I parked my luggage within the hotel, then drifted back downstairs and into the streets for my first walk about Dublin. One thing I’ve always done when visiting a new city is discard the travel guides and let me feet take me wherever my feelings dictate. In cities like New York or Paris, such wanderings are an excellent way to discover both hidden treasures off the beaten path, as well as highly effective ways to die. A smart traveller stays attuned to his surroundings, alert to hints of danger that remind him to never stray too far from the path, but as I walked the streets of Dublin, no such hints arose. I felt strangely comfortable, and even more bizarrely, un-lost. Some sort of directional instinct in me had awakened, and without really knowing where I was, I knew where I wanted to be. Streets opened before me like pathways into a past I could almost believe I had lived before.

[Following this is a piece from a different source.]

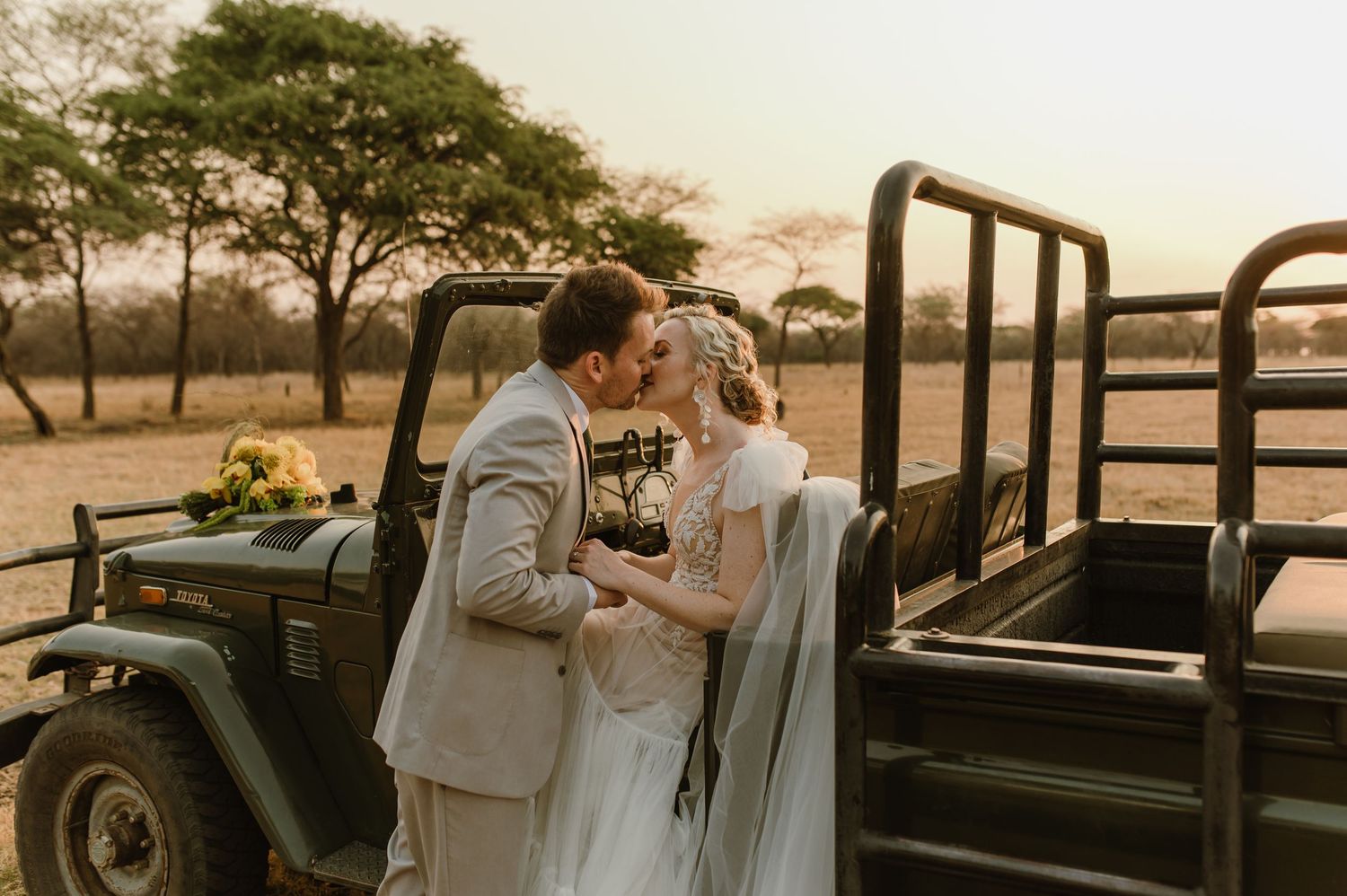 Wedding celebration on a sunlit outdoor terrace with flowing white dress and grey suit.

I was not one to believe in reincarnation, and I’m still not today, but at the time there were moments where the eery familiarity of the airport soil were echoed in the sights and sounds of the city streets around me.

As I continued my walk, I began to analyze this new sensation, wondering if I could put an intellectual explanation to something unexplainable. There was no logical explanation for why I should feel so at ease, so at home, in a city I’d only seen in pictures, but there was no denying the fact that I somehow knew these street as if I’d walked them my entire life. I had never been this comfortable walking the streets of my hometown. I began to remember the power the mythologies had held over my imagination, and wondered if maybe something in the stories had imprinted itself upon my very DNA.

I had once read a study that suggested mankind’s fascination with dragons had evolved from a fusion of memories of the three greatest threats to early man: snakes, eagles, and tigers. The author speculated that generations of predation by these three lethal threats to early hominids had become so thoroughly embedded in the human psyche that the mental image of a dragon was formed as an amalgamation of, or triumvirate image of death. An interesting notion at the time I read it, but casually dismissed as notion and nothing more. Now, however, as I walked anonymous streets knowing exactly where to turn and which direction to face, I began to reevaluate the possibilities of genetic memory coming into play. Had my Irish ancestors, filled with such a deep and abiding love of a home they had chosen to leave, burned their very past into their genetic code as an emotional and psychological signpost for future generations? I have no answer to this, nor do I ever expect to find one, but it holds a certain charm for me. It was, and is, as if the landscapes of my beloved myths had merged with my memories, and that the land I had fallen in love with from afar had welcomed me back with open arms. Home.